Exercise prompt :: In the entries below, find the line with "Apartamento, 2 quartos, 57 m² - Foto 2" and the line with "Complex Healthcare Of Farmington". Print those two and everything between them exactly, and nothing else.

Start of Record extracts

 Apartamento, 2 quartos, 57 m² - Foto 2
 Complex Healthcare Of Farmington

End of Record extracts
Start of Record extracts

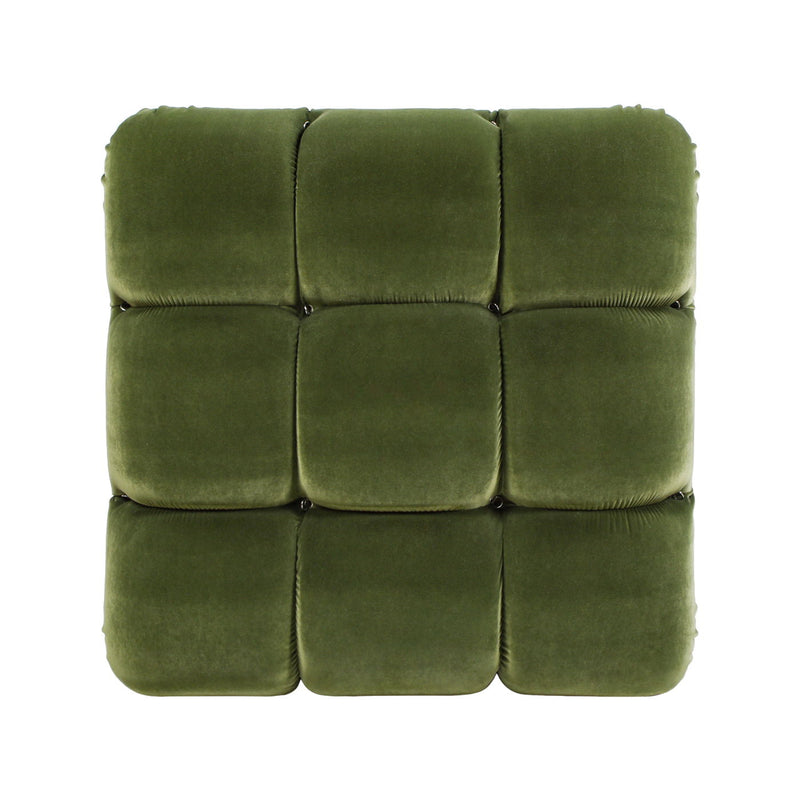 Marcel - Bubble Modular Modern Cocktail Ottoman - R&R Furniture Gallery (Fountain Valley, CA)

End of Record extracts
Start of Record extracts

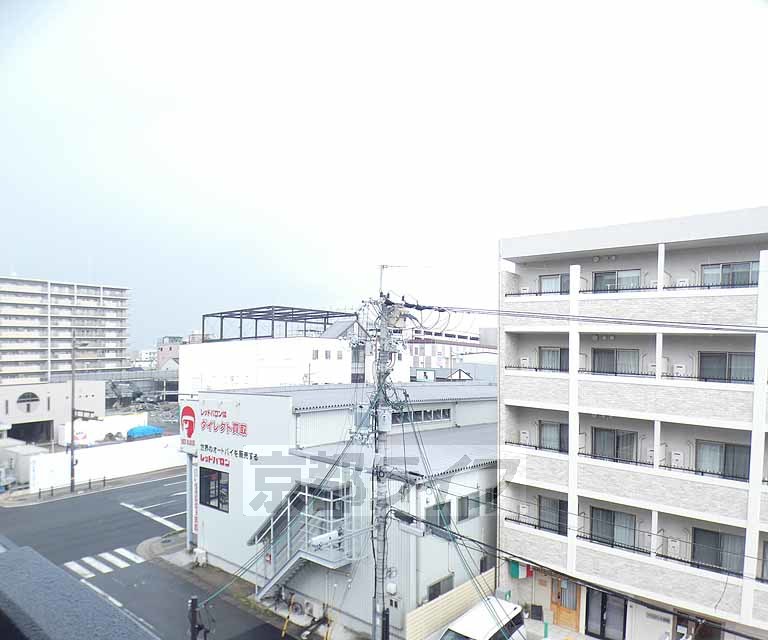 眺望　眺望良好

End of Record extracts

Solution to this task ::
 Apartamento, 2 quartos, 57 m² - Foto 2
 Complex Healthcare Of Farmington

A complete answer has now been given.